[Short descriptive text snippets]
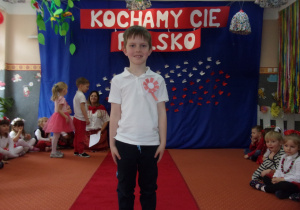 chłopiec w galowym stroju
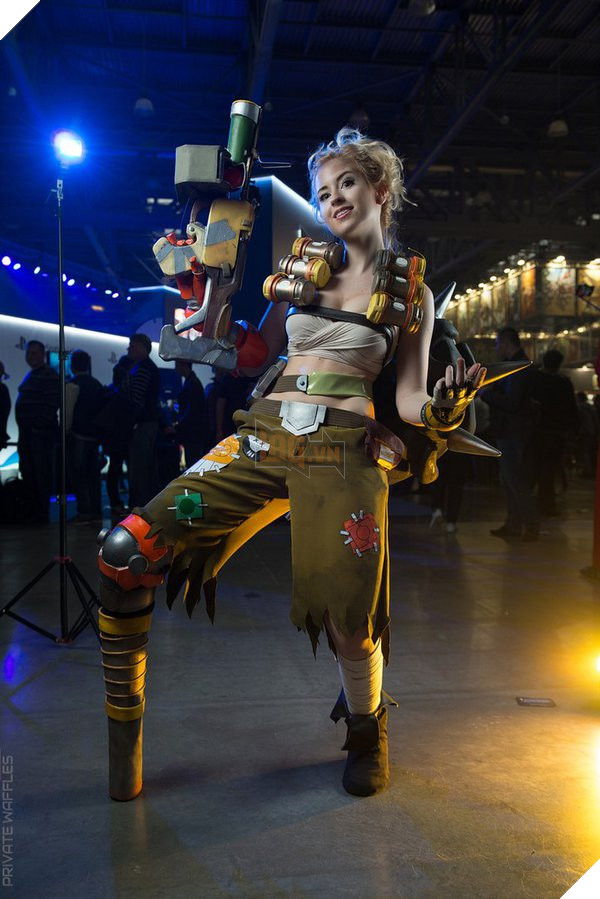 Cosplay Junkrat phiên bản nữ cực sexy trong Overwatch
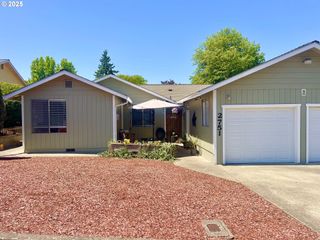 2751 W LORRAINE Ave, Roseburg, OR 97471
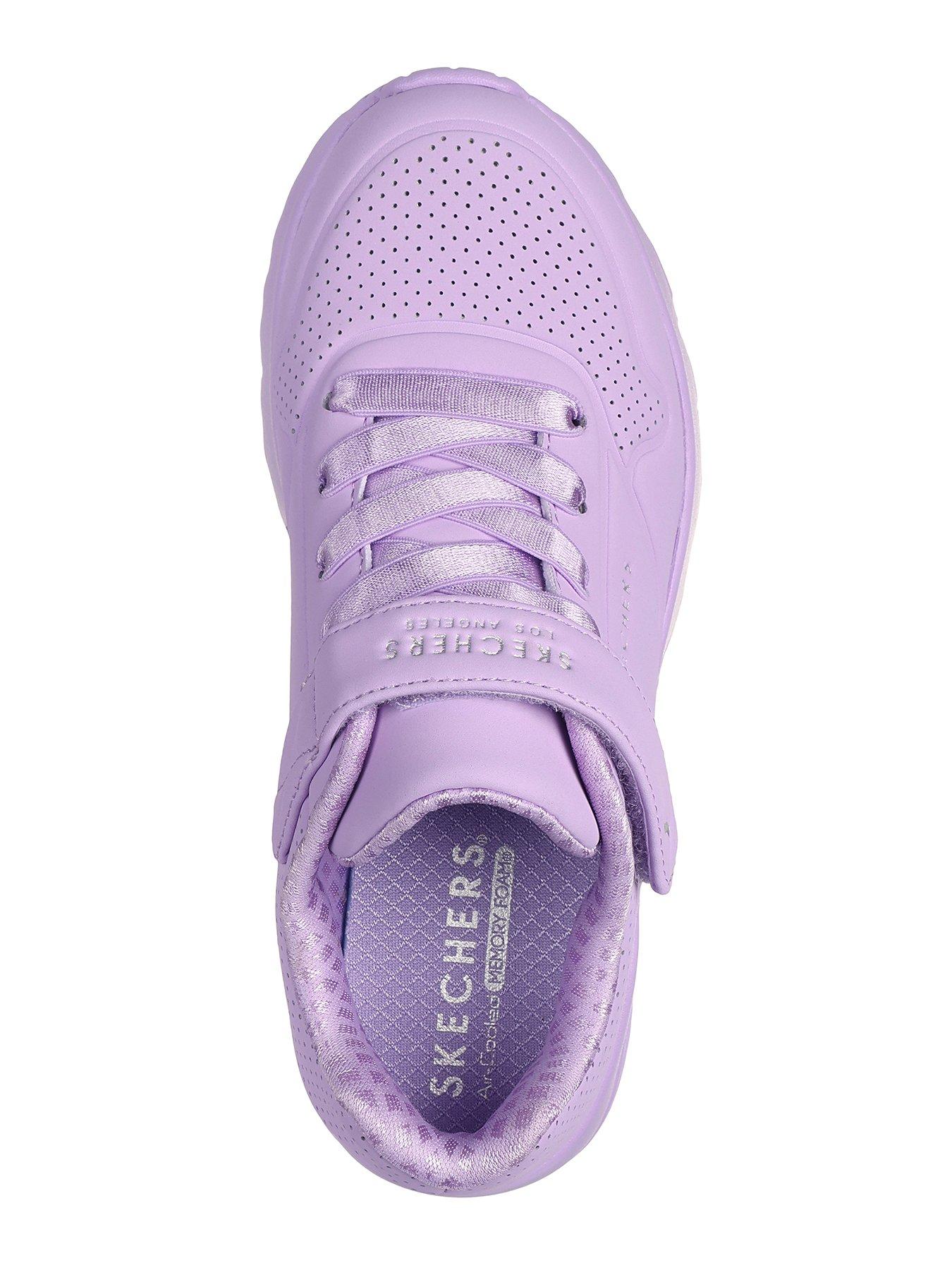 skechers-skechersgore-amp-strap-fashion-embossed-sneaker-multioutfit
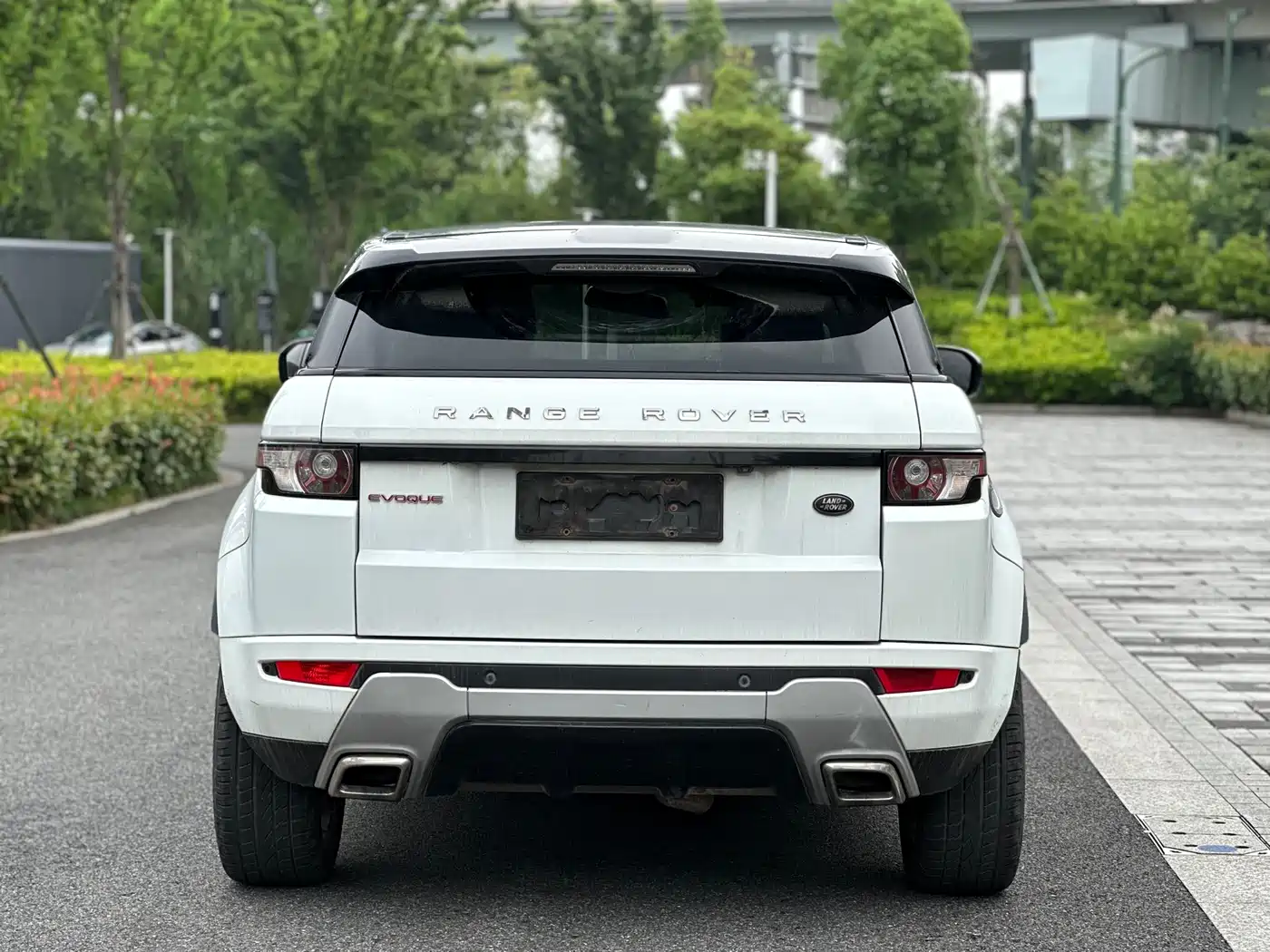 Land Rover Range Rover Evoque (Import) 2013 2.0T 5-door Dynamic Edition фото 5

Goal of the exercise: Omit the pictures and please write out exactly the lines between the one containing "2751 W LORRAINE Ave, Roseburg, OR 97471" and the last line of the entries, both included.

Response:
 2751 W LORRAINE Ave, Roseburg, OR 97471
 skechers-skechersgore-amp-strap-fashion-embossed-sneaker-multioutfit
 Land Rover Range Rover Evoque (Import) 2013 2.0T 5-door Dynamic Edition фото 5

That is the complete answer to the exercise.